The Method Behind the Mayhem

I was recently in Phoenix, attending the National Student Advertising Competition as well as the Admerica convention. During one luncheon, Lisa Cochrane, Senior Vice President, Marketing, Allstate Insurance Company and Susan Credle, Chief Creative Officer, Leo Burnett North America came to speak about the Allstate Mayhem campaign.

Mayhem has become a popular campaign since it began in July 2010, starring Dean Winters as “Mayhem” and showing that mayhem can happen at any time, when you least expect it.   Here’s a clip of my favorite Mayhem advertisement:

OMG, Becky’s Not Even Hot.

Cochrane and Credle talked about the campaign’s success as being a direct result of social media buzz created by fans. If the fans liked something, it was them who shared the ads with others, posted about the ads, or even referenced the ads (#OMGBeckysNotEvenHot)

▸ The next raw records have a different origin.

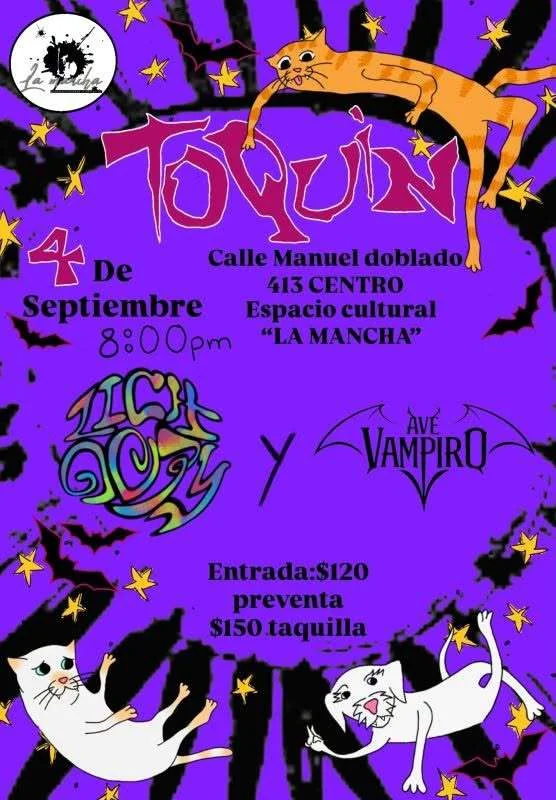 Lichoopy in Concert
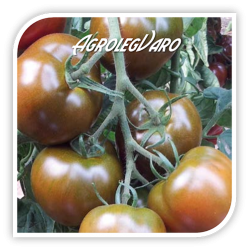 Seminte de tomate 132-283 F1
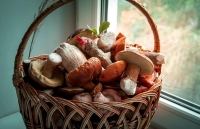 Диетологи говорят: в день не стоит съедать более 150 граммов грибов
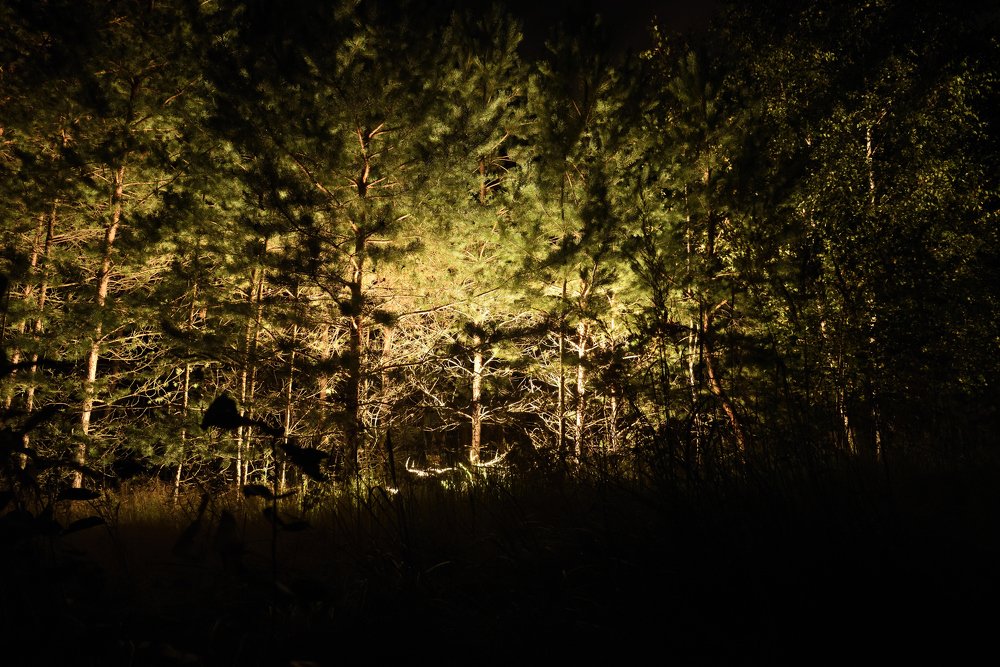 Photograph by Семен Батов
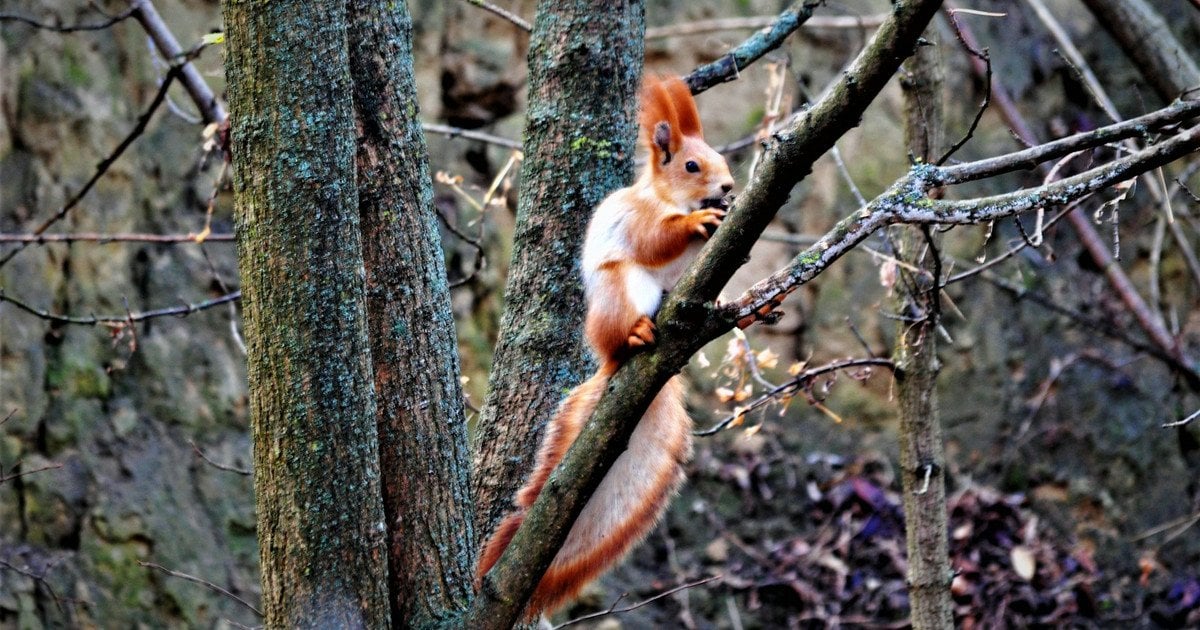 Білочка в осінньому лісі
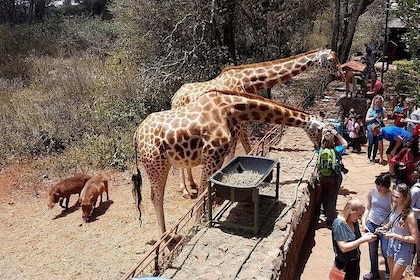 Half Day Giraffe Center Nairobi
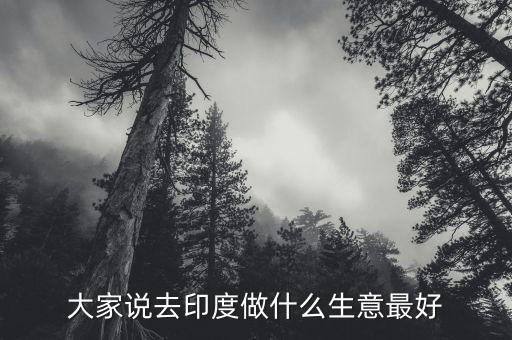 去印度做什么生意好，印度外貿(mào)做什么產(chǎn)品好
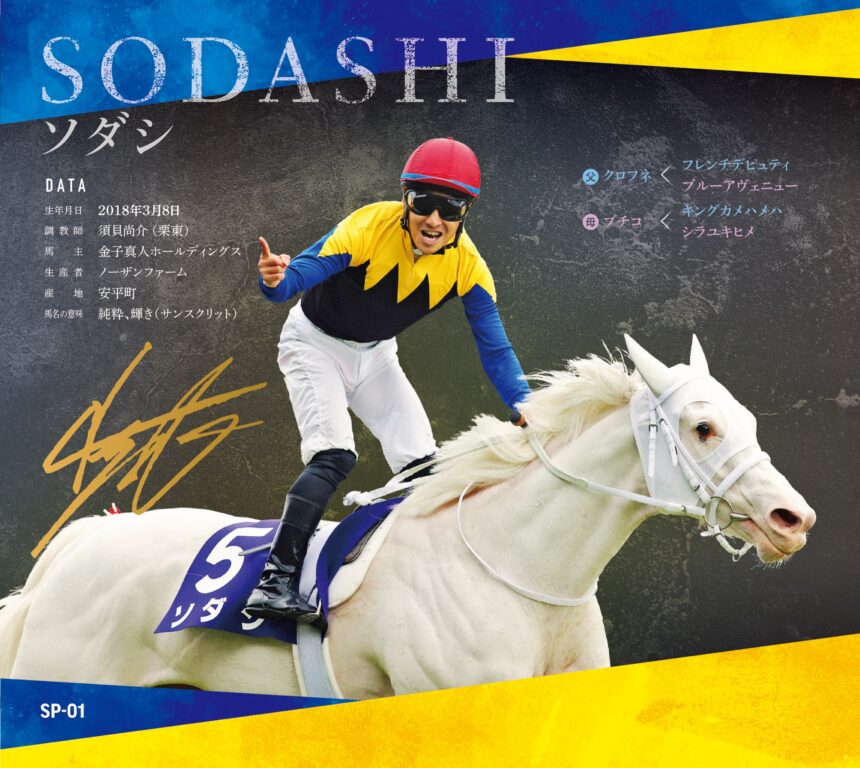 ソダシ｜白毛馬一族色紙コレクション｜スペシャル色紙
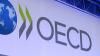 [Economy Insights] OECD Warns South Korea Over Semiconductor Dependence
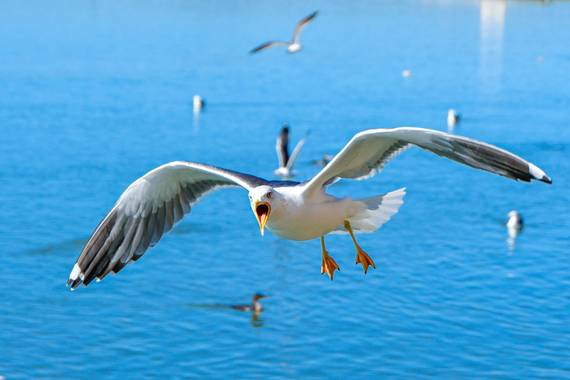 Ninigabi en Hamelin: Fauna  (Isla Cristina), Larus michahellis michahellis, #gaviotamarcandoterritorio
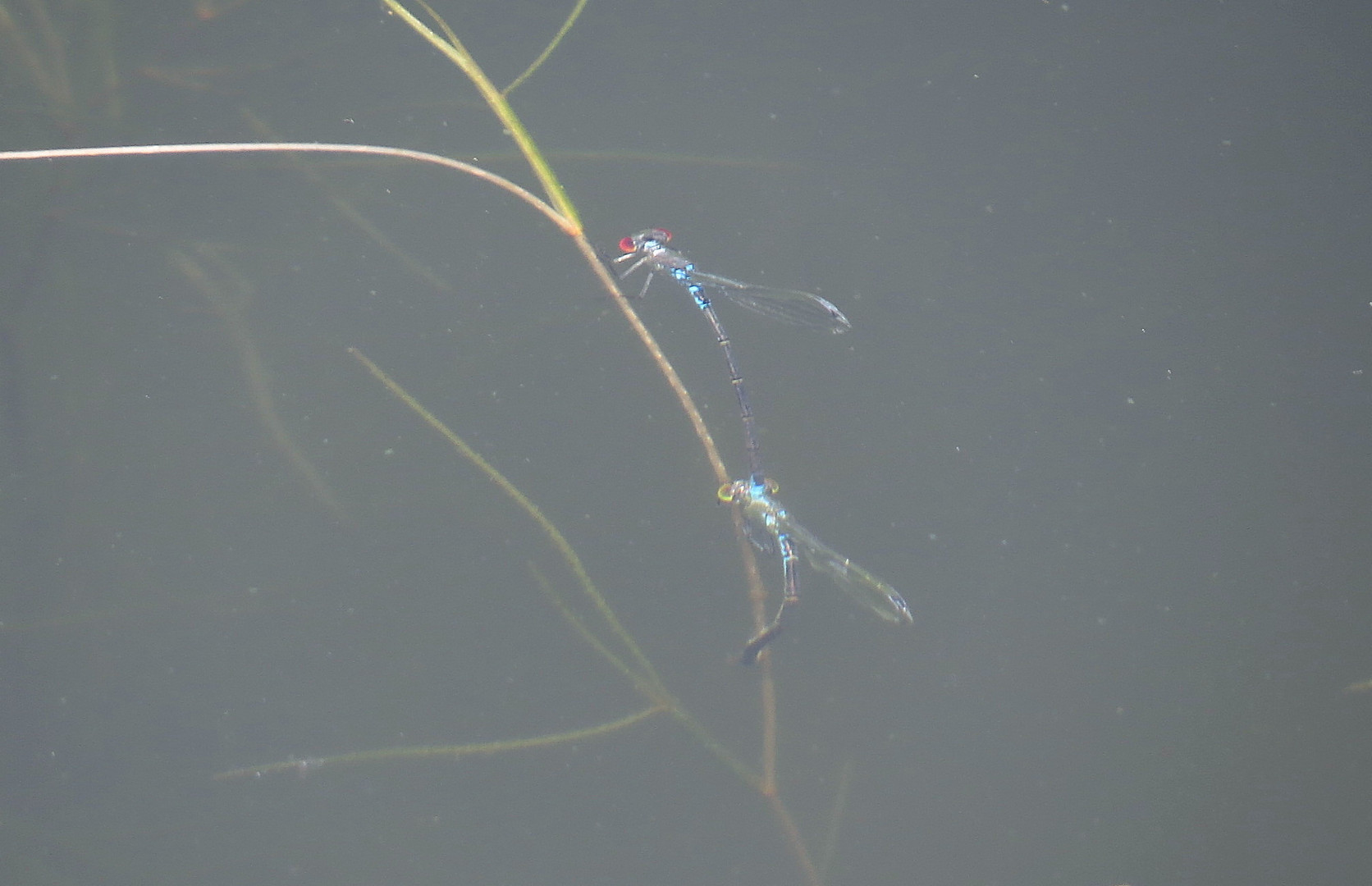 ... Großes Granatauge (Erythromma najas) ...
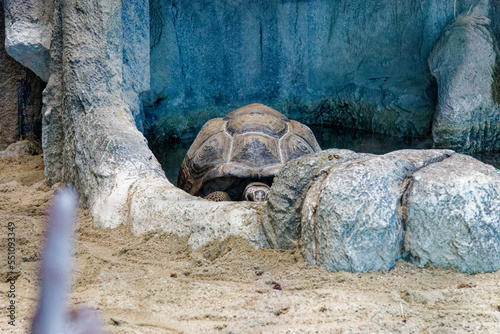 a turtle is sleeping in a pond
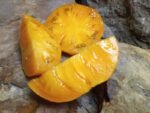 YELLOW BRANDYWINE BEEFSTEAK TOMTAOES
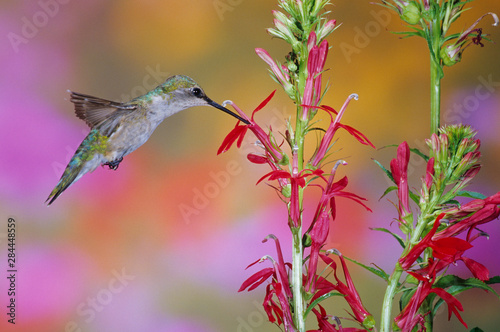 Ruby-throated Hummingbird (Archilochus colubris) on Scarlet Sage (Salvia Coccinea) Marion County, Illinois © Richard & Susan Day/Danita Delimont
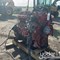 yoder-&-frey:-florida-image-5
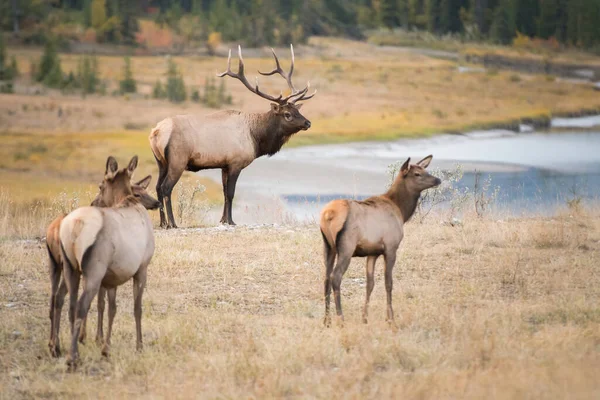 Elk Rut — Stock Photo, Image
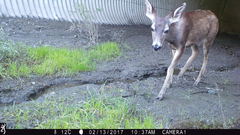 Odocoileus hemionus
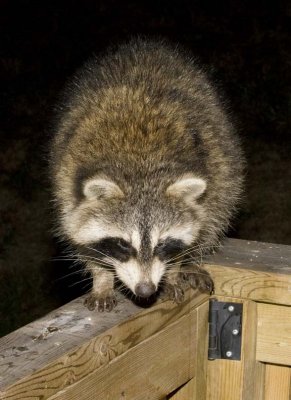 Raccoon87R.jpg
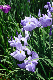 image0150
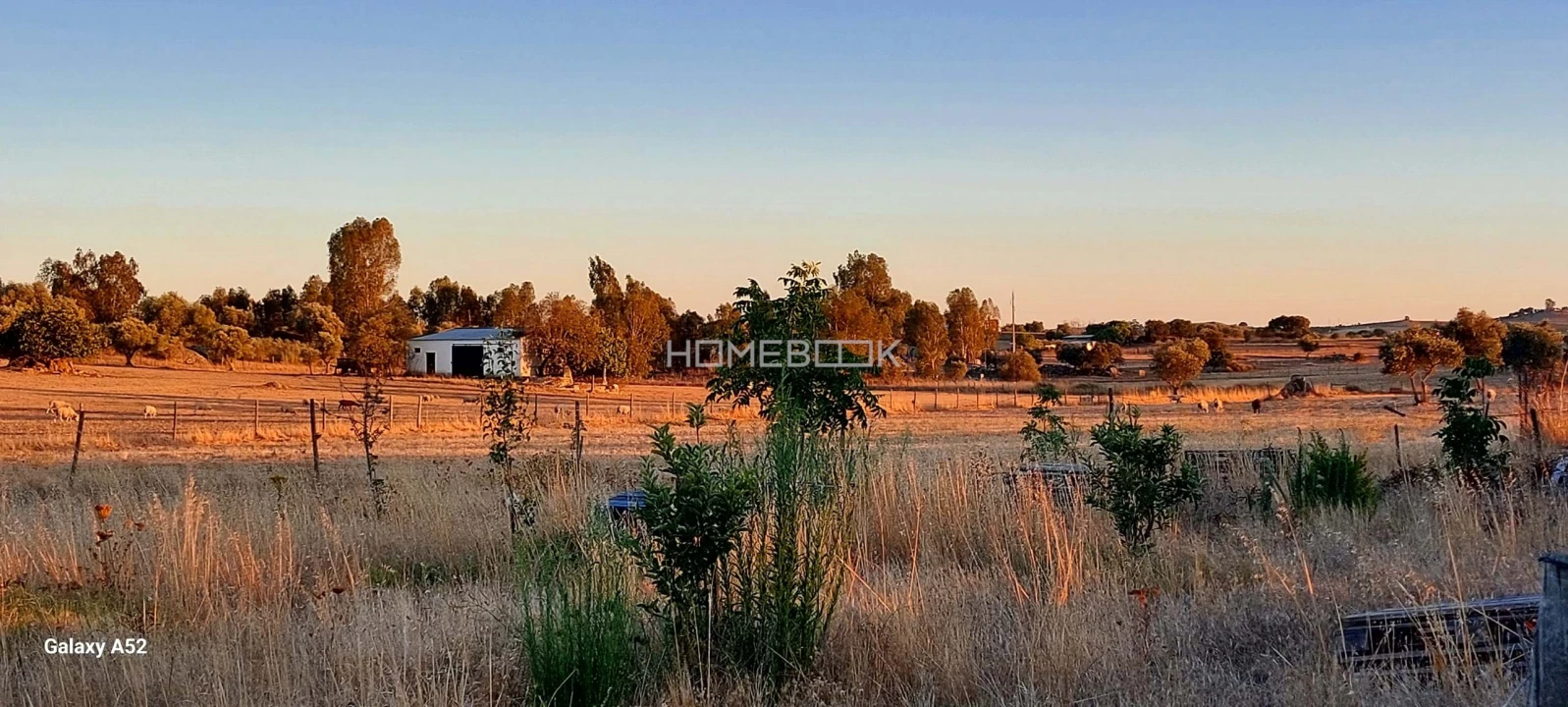 Quinta T3 para Venda em São Manços e São Vicente do Pigeiro Foto 8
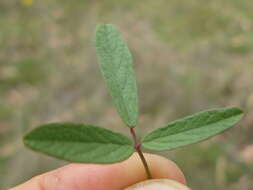 Image of Desmodium varians (Labill.) G. Don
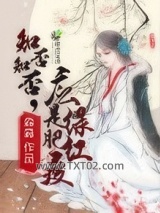 《知否知否，应是绿肥红瘦》全本TXT下载-作者：淼淼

It is sometimes hard to tell whether a spokesperson for a brand will resonate with an   audience. It was a big risk that Allstate took when they created a spokesperson who was not actually a spokesperson at all, but a sort of inanimate situation as performed by a super-villain. 5130320539_77610a9236_z

It wasn’t long before Mayhem became a common household name, the butt of many jokes, and even a popular Halloween costume.

With a character like Mayhem representing a brand, there are endless opportunities to interact with an audience. For instance, in the 2013 Superbowl when the lights were out for several minutes, Allstate took the opportunity to let Mayhem take the blame. By posting a Facebook status via the Mayhem character, Allstate had created their most-shared social media post.

This simple kind of branding is what I love about advertising. You can take a product or service that is as yawn-worthy as car insurance, and by simply introducing a new way of perception, an entertaining and (most importantly) recognizable brand was re-created.